Structural Instability due to P-Delta Effects: Analysis and Modifications by Local Adjustments

This thesis examines the phenomenon of structural instability from second-order effects (P-Delta effects) in structures subjected to seismic excitations. A necessary condition for instability during the response to a strong earthquake is that, at a certain point in time, the lowest eigenvalue of the effective stiffness becomes negative. This is equivalent to stating that the effective tangent stiffness, in these instants, is not positive definite. Design constraints in multistory structures are such that the lowest eigenvalue of the second-order elastic stiffness is large when the behavior is elastic. During intense ground motion, however, plasticity develops and the associated loss of stiffness, depending on the spatial distribution, can lead to configurations that are statically unstable. Whether a given distribution of plasticity implies a negative eigenvalue in the effective stiffness can be determined without the need to simulate the dynamic response. Therefore, the question is whether earthquake excitation will drive the structure into any of these configurations and whether some will persist long enough to result in collapse.

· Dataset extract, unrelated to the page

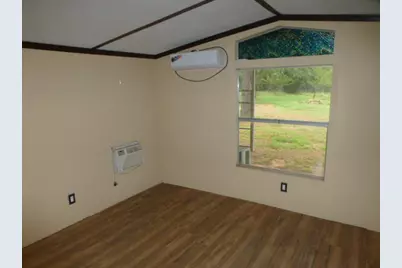 119 Hayes Court, Springtown, TX 76082 - Photo 12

This brings us to one of the central ideas in this thesis, namely, we examine the possibility of affecting the distribution of plasticity in a favorable way by using local modifications. It is opportune to note that although plasticity distributions associated with kinematic mechanisms are always unstable (neglecting hardening), unstable configurations can be (and often are) reached even though a kinematic mechanism has not formed. One intuitive way to say this is that plasticity softens the structure, and in some cases, the extent is to such that the gravity loading exceeds the buckling strength of the structure (as a system), although no kinematic mechanism has formed. The previously described matter is, as one gathers, increasingly important for high-rise structures. As noted, the central idea explored in this thesis is that of affecting the degree of plasticity needed to reach unstable configurations by local strength modifications. While it is evident that increasing the building’s strength should raise the threshold required to induce collapse, the key question is whether local modifications can realize this objective in a manner that is more efficient and cost-effective than a global strengthening approach.